Laila musitó palabras de aliento. Sabía que en esta nueva vida no faltarían las dificultades, pero serían dificultades placenteras, de las que causaban orgullo y se apreciaban como una vieja reliquia de familia. La dulce voz maternal de Mariam siguió hablando y procurándole cierto consuelo. «Existe un modo de solucionar esto», había afirmado, o sea que a la mañana siguiente Mariam le contaría lo que debían hacer y lo harían, y quizá a esa misma hora habrían emprendido ya el camino hacia su nueva vida, llena de abundantes posibilidades, alegrías y dificultades. Laila agradecía que Mariam se hiciera cargo de todo sin alterarse, con lucidez, que fuera capaz de pensar por las dos. Porque ella estaba muerta de miedo, nerviosa, hecha un lío.
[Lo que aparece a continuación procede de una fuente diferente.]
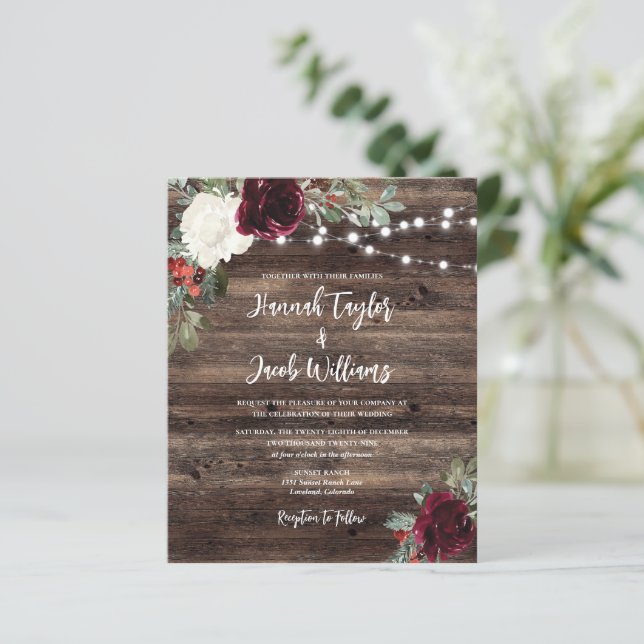 Papier Budget Rustic Wood Faire-part de mariage de Noël (Debout devant)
– Ahora deberías ir a ver a tu hijo -dijo Mariam, levantándose. En su rostro, Laila vio la expresión más acongojada que había visto jamás en un ser humano.

Laila encontró a Zalmai a oscuras, acurrucado en el lado de la cama donde dormía Rashid. Se deslizó bajo las sábanas y echó la manta por encima de ambos.

– ¿Estás dormido?

– Todavía no puedo ponerme a dormir -respondió él, sin darse la vuelta-. Baba yan no ha rezado las oraciones Babalu conmigo.

– ¿Qué te parece si hoy las rezamos tú y yo juntos.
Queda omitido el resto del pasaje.